▶ SUPPLIED INFORMATION
'''

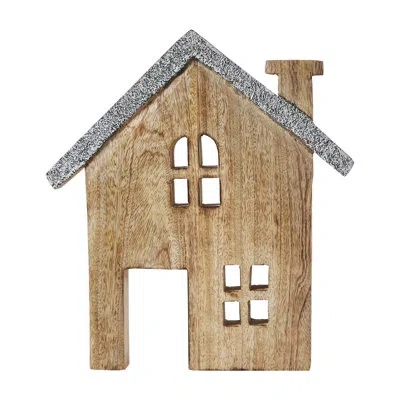 Vhc Brands Classic Easter Wooden Cottage House In Brown;gray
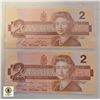 Image 1 : SET OF 2 1986 BANK NOTE CANADA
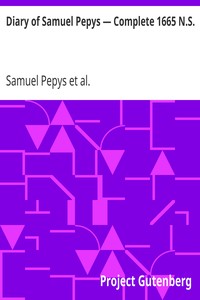 Cover of Diary of Samuel Pepys — Complete 1665 N.S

'''

▶ ACTION ITEM
Copy the whole listing above word for word but do not carry over the pictures.

▶ YOUR RESPONSE
 Vhc Brands Classic Easter Wooden Cottage House In Brown;gray
 Image 1 : SET OF 2 1986 BANK NOTE CANADA
 Cover of Diary of Samuel Pepys — Complete 1665 N.S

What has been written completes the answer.